EXERCISE INPUT -
------------------------------

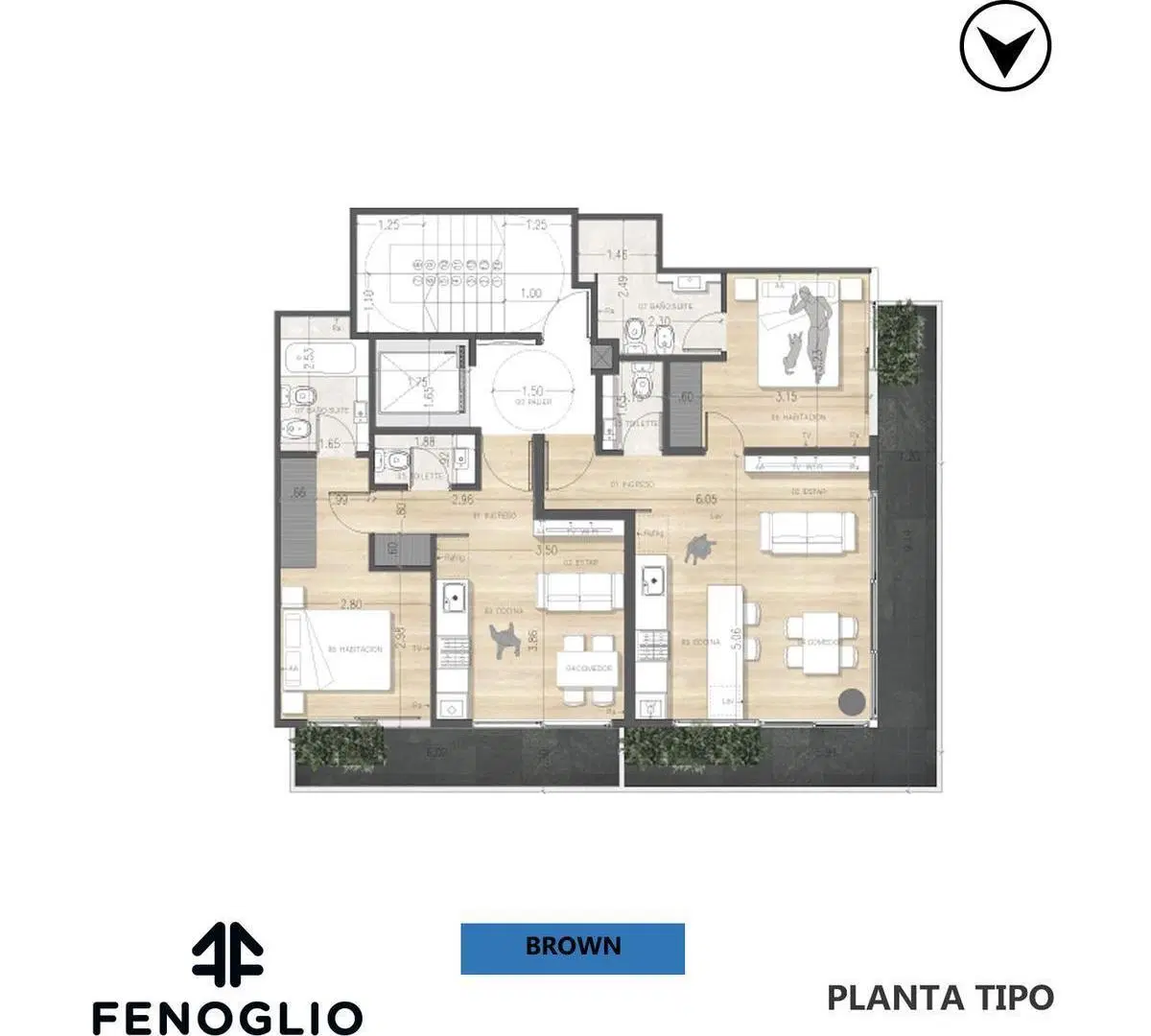 Plano 1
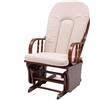 My_living Douglas Dondolo, Legno, Beige, Singolo, 68x50x107 cm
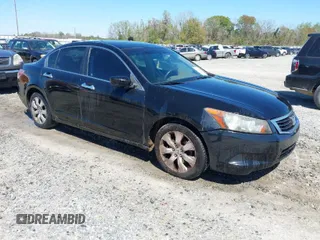 2008 Honda Accord EX with VIN 1HGCP36738A013380, listed as a IAAI auction lot 41846583 with 254,741 mi miles and . Bid and sale history available at DreamBid. Image 1.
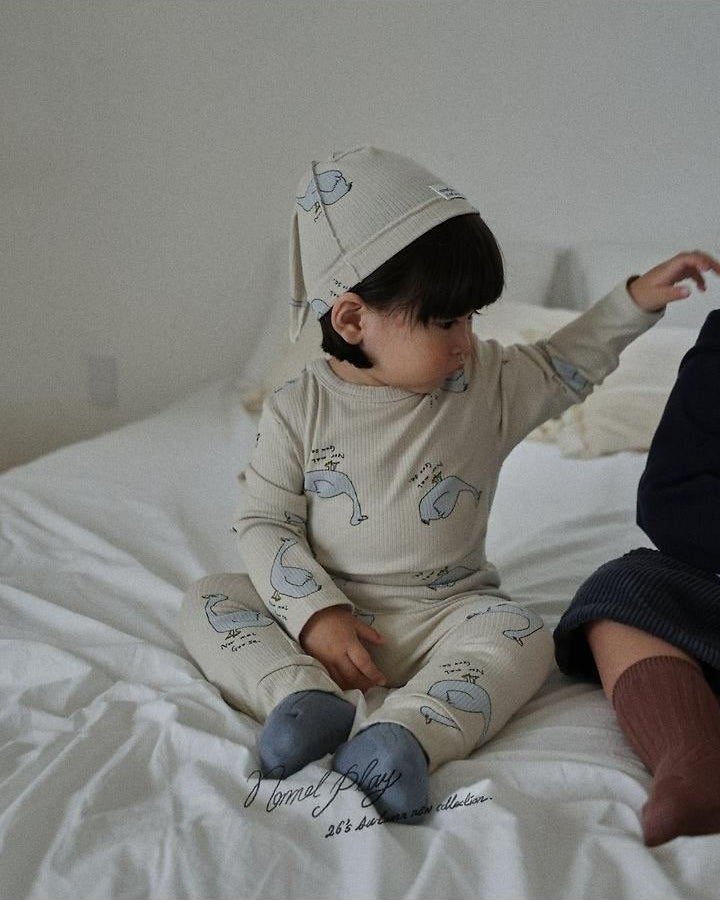 Normal Duck Cone Hat [NORMAL PLAY]（2026AW） 13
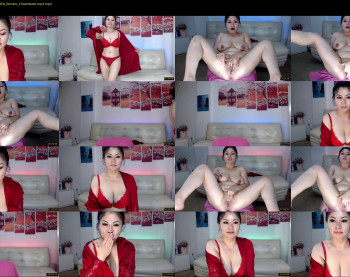 batari_giya — 89 minute Chaturbate female cam show recording, 720p, Jun 19, 2022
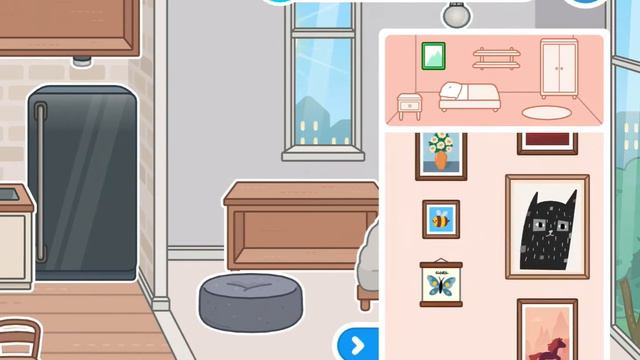 Making a Free house! | Sunny | Toca Life: World!!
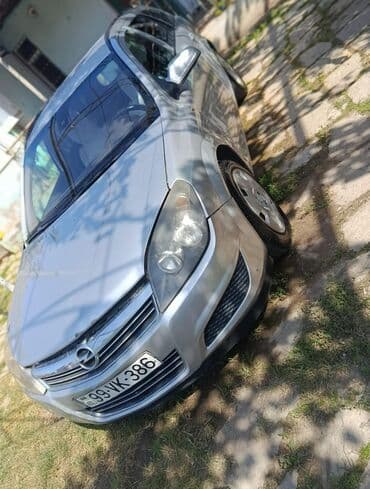 опель зафира а: Opel Astra: 1.3 л | 2009 г. 399000 км Универсал — 2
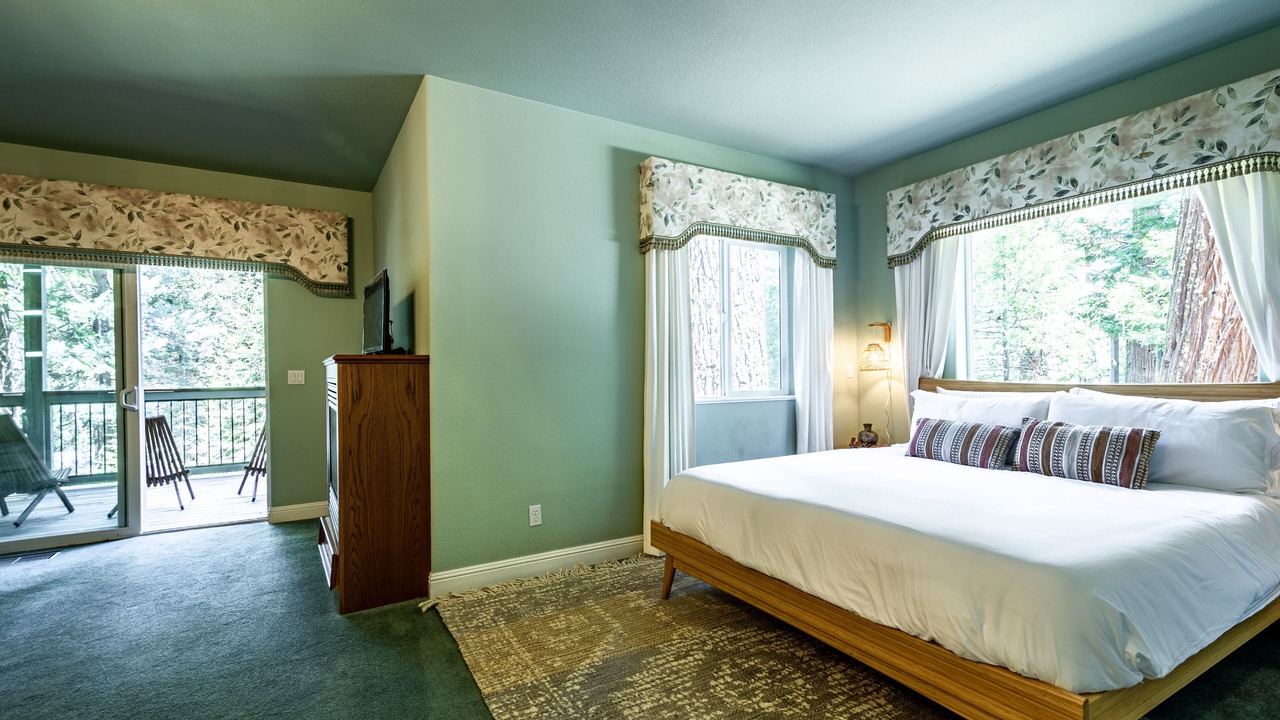 Photo of Bedroom in Fish Camp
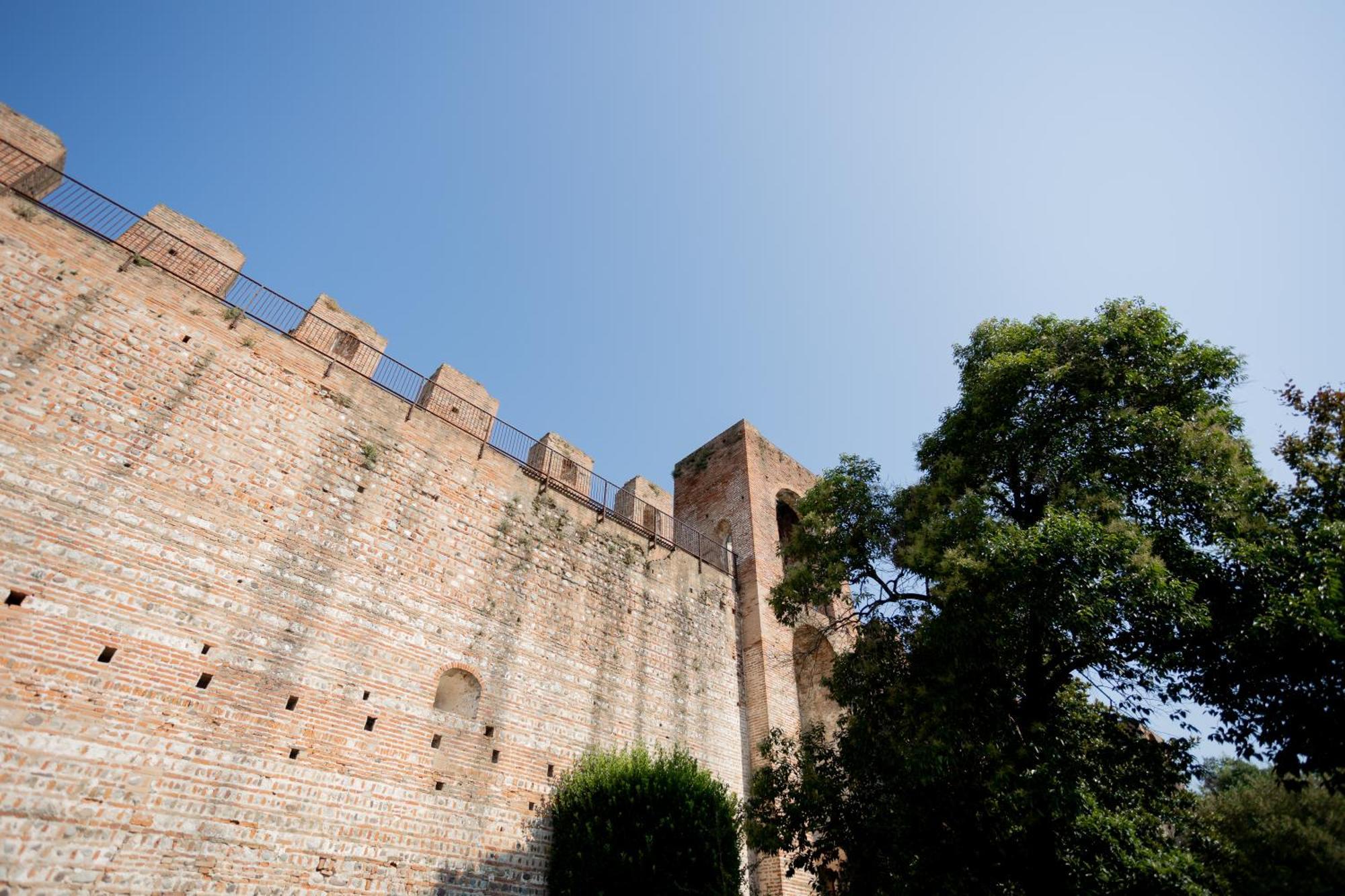 L'Attico Alle Mura - Cittadella Exterior foto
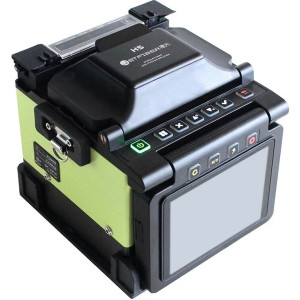 دستگاه فیوژن فیبر نوری JETFIBER H5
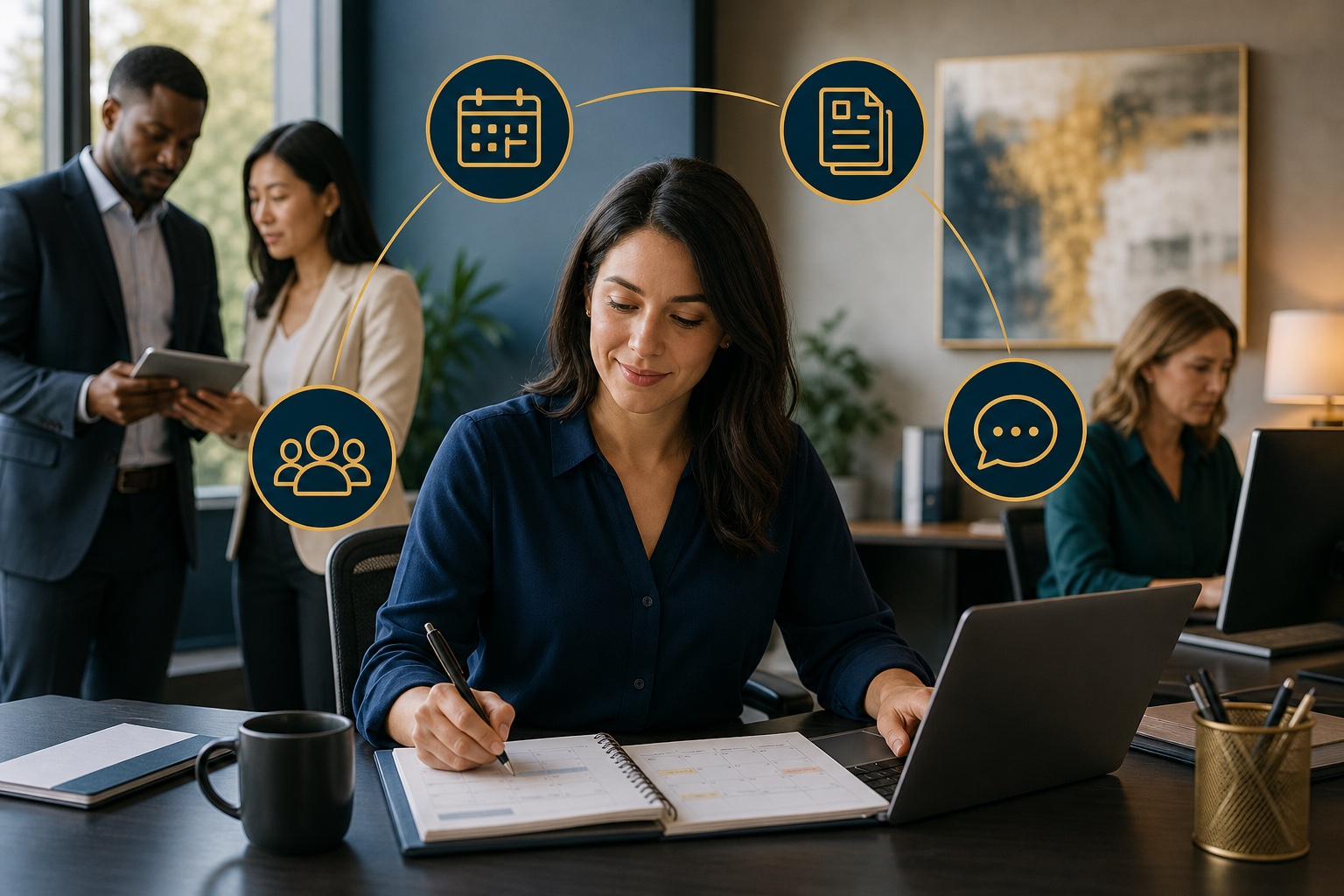 Office Administrative Assistant Certificate Program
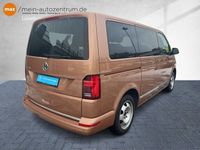 gebraucht VW Multivan 2.0 TDI Generation Six Alu LEDScheinw. Standh. Navi ACC Kamera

------------------------------

YOUR GOAL - The lines from the one holding "2008 Honda Accord" through the end of the entries are to be transcribed exactly, both ends included, with the pictures left out.

ANSWER TO THIS TASK -
 2008 Honda Accord EX with VIN 1HGCP36738A013380, listed as a IAAI auction lot 41846583 with 254,741 mi miles and . Bid and sale history available at DreamBid. Image 1.
 Normal Duck Cone Hat [NORMAL PLAY]（2026AW） 13
 batari_giya — 89 minute Chaturbate female cam show recording, 720p, Jun 19, 2022
 Making a Free house! | Sunny | Toca Life: World!!
 опель зафира а: Opel Astra: 1.3 л | 2009 г. 399000 км Универсал — 2
 Photo of Bedroom in Fish Camp
 L'Attico Alle Mura - Cittadella Exterior foto
 دستگاه فیوژن فیبر نوری JETFIBER H5
 Office Administrative Assistant Certificate Program
 gebraucht VW Multivan 2.0 TDI Generation Six Alu LEDScheinw. Standh. Navi ACC Kamera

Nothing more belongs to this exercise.